*** Opening WORKING DATA ***
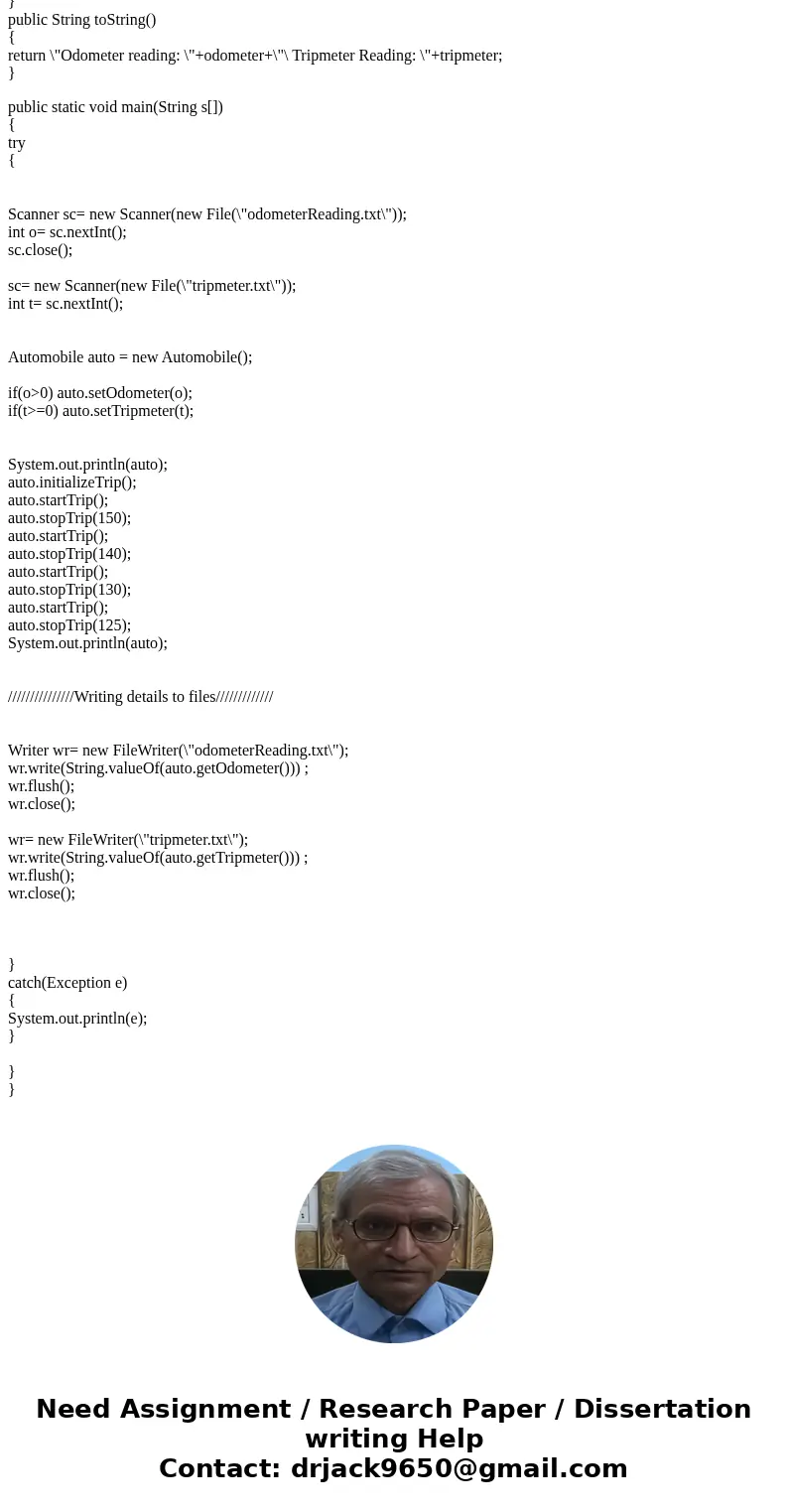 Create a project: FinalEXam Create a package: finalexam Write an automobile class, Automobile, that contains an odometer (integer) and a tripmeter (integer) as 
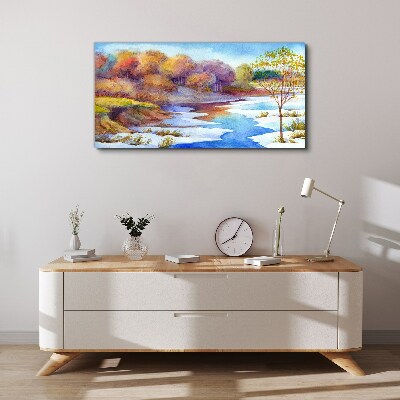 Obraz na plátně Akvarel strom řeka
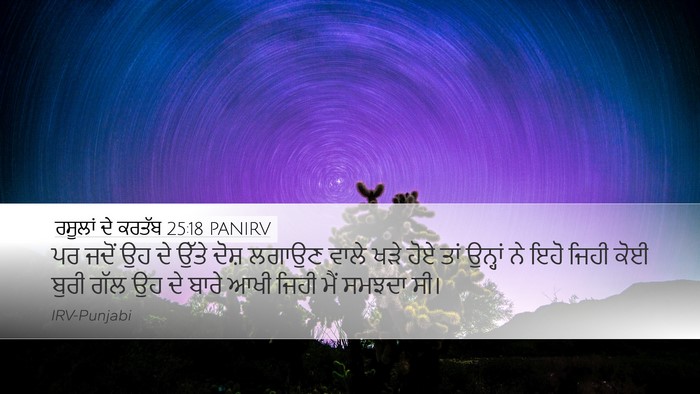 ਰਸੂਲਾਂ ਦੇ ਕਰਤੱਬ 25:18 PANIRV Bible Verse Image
*** Closing WORKING DATA ***
*** Opening WORKING DATA ***
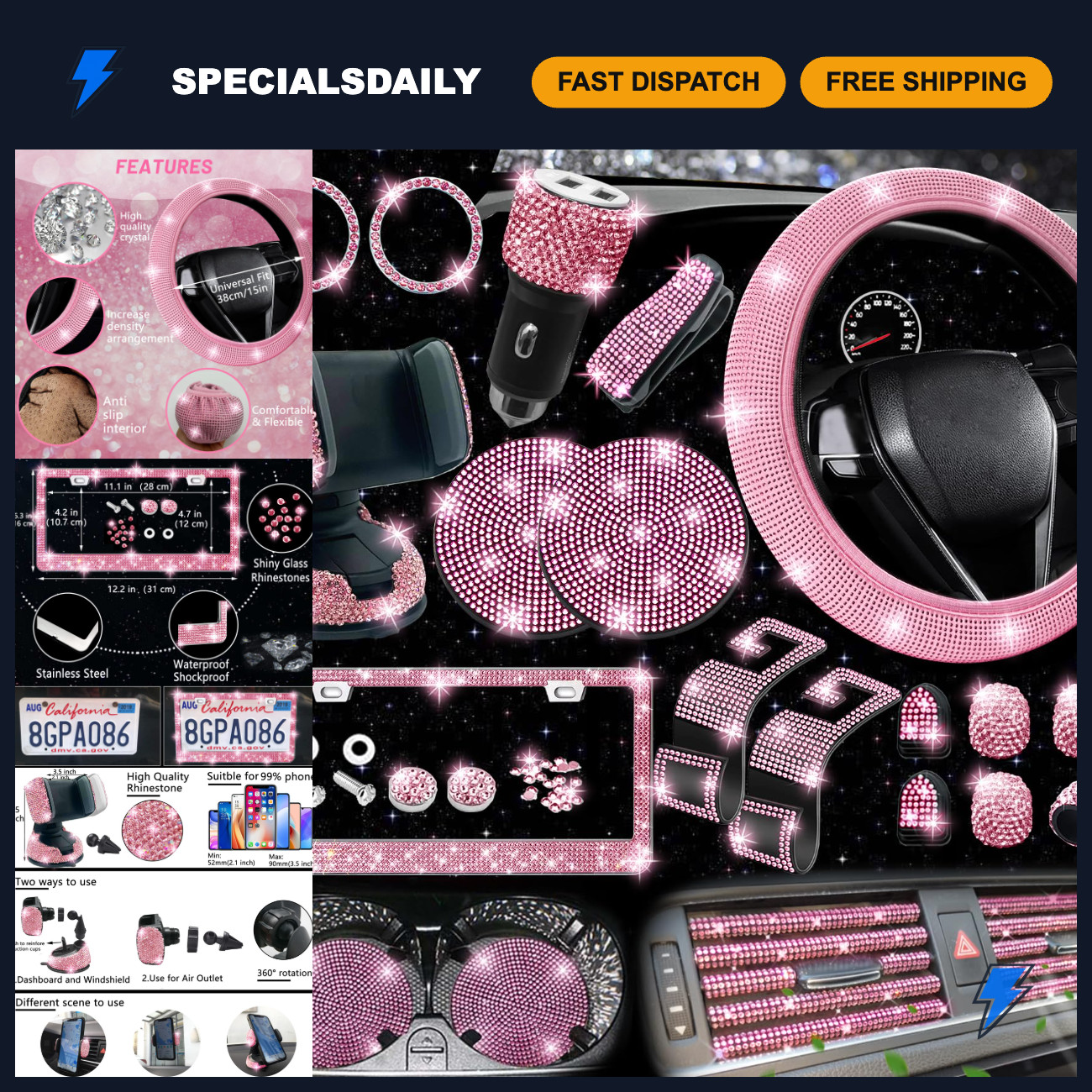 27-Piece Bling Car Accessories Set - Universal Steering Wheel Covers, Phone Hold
*** Closing WORKING DATA ***
#### ABOUT THIS TASK
Retype only the lines above from the one with "Create a project: FinalEXam" through the one with "ਰਸੂਲਾਂ ਦੇ ਕਰਤੱਬ", exactly and with both ends. Images stay out.

#### RESULT FOR THIS EXERCISE
 Create a project: FinalEXam Create a package: finalexam Write an automobile class, Automobile, that contains an odometer (integer) and a tripmeter (integer) as 
 Obraz na plátně Akvarel strom řeka
 ਰਸੂਲਾਂ ਦੇ ਕਰਤੱਬ 25:18 PANIRV Bible Verse Image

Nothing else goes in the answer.